Many of the poor and homeless, meanwhile, were simply shunted off to the outer boroughs, or to distant “edge” cities. Something similar happened in municipalities throughout the country. But in New York the process was, at the very least, accelerated by Giuliani’s fanatical determination to leap aboard the national Republican bandwagon to “end” welfare. In New York City, this entailed cutting off federal food stamps from the poor whenever possible, slashing funding for homeless shelters and housing construction; and formulating new requirements which made it so difficult for many of the city’s most ill-equipped citizens to find work that they dropped off the welfare rolls, and out of sight.
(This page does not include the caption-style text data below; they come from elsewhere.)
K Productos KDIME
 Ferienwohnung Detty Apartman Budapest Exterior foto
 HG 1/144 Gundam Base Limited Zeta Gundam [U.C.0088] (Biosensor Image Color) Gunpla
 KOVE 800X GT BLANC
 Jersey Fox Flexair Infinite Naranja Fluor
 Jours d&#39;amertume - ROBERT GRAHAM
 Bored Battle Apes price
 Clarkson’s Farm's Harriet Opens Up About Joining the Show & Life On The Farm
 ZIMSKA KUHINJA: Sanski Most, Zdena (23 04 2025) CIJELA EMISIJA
What became of these welfare recipients, and where they went, was not something that seemed to much interest anyone, least of all anyone in city government. It was a policy that in one stroke reversed New York City’s proud, hundred-year-plus record of pioneering the compilation of social statistics, and using them to actually help solve problems of poverty and social welfare, rather than simply redirecting them to more hapless communities.
Faced, then, with all of these lies and distortions, all of this shameless self-aggrandizement, all of this indifference and bullying on the part of Rudy Giuliani and his administration, one can only say…So what?
As a New York Daily News reporter once remarked, when I called in to the radio show he was on to protest that Giuliani hardly deserved the credit for New York’s dramatic crime drop, “I’d rather be lucky than good.”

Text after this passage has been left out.